Throwing in the towel on climate change

Towards the tail end of Al Gore's climate-change slide show -- the one in "An Inconvenient Truth" -- there's a slide on three misconceptions propagated by those who, for lack of a better term, have been called skeptics. One of those misconceptions always struck me a bit odd, and until yesterday, I wondered if it really belonged in the presentation. This is the problem line in question:

OK, if we accept that it's real and that we're causing it, isn't this problem so big that we can't possibly fix it?

Gore's thesis is that very same people who not so long ago argued that the Earth isn't warming, then admitted that it is, but that human's aren't the cause, are now admitting it's all true, but we are powerless to do anything about it. I'd never come across anyone like that in my travels, and I have met and corresponded with quite a few of these so-called skeptics.

Tuesday night I presented the slide show, and again found myself wondering, as the offending slide popped up, if I perhaps shouldn't do some judicious editing there. But then I got an email from a friend of mine in Ottawa. Writing about his encounters with those who continue to insist that dealing with climate change should not be our top public policy priority, he offered this observation:

Incidentally, something I'm astonished at is how otherwise intelligent people I know can dismiss climate change with the most stupid, self-evidently illogical arguments. I'm sure you've noticed this as well.
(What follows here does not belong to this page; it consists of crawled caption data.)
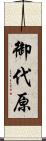 御代原 Scroll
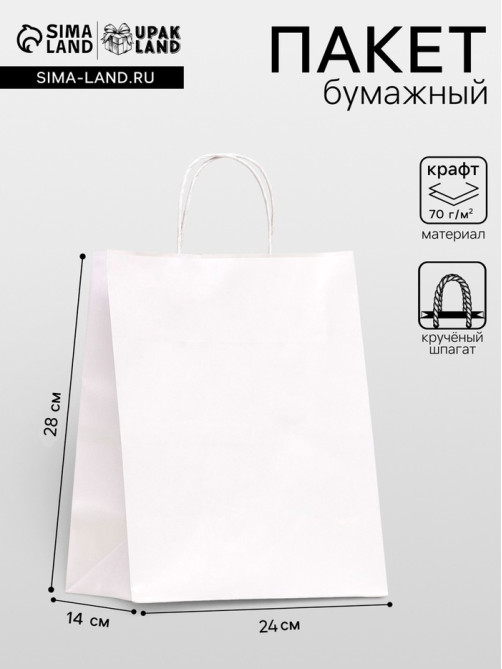 Пакет крафт без печати, белый, круглая ручка 24×14×28 см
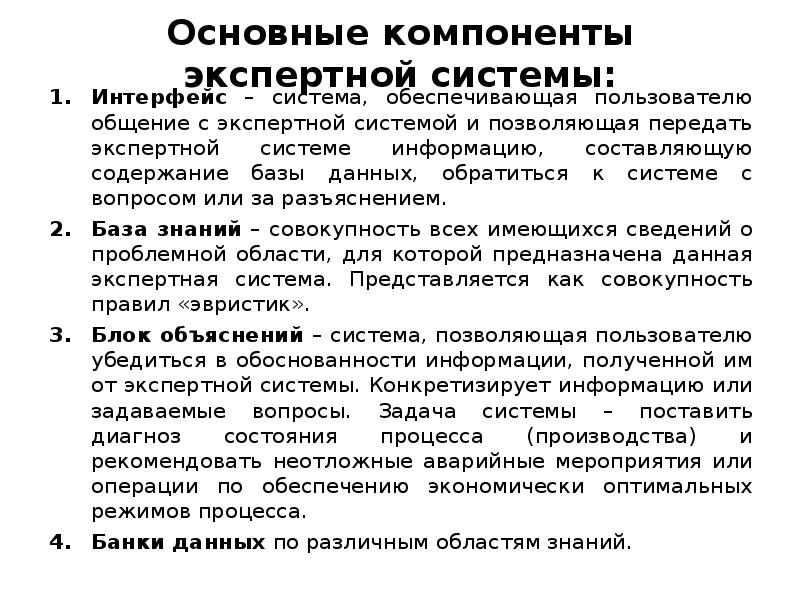 Основной экспертной системой является. Основные компоненты экспертной системы. Природные энергоносители и углеродные материалы. Экспертные системы предоставляют пользователю. Состояние процесса.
It happens so often that I think now that climate change denial is part of a psychological self-defense mechanism of some kind, one that prevents people from admitting to themselves that they are part of a very big problem.

The weirdest thing now is that people who argued with me last year, insisting that there was no evidence this was a problem at all, are now saying we waited too long and it's too late to do anything about it.

The slide stay as is.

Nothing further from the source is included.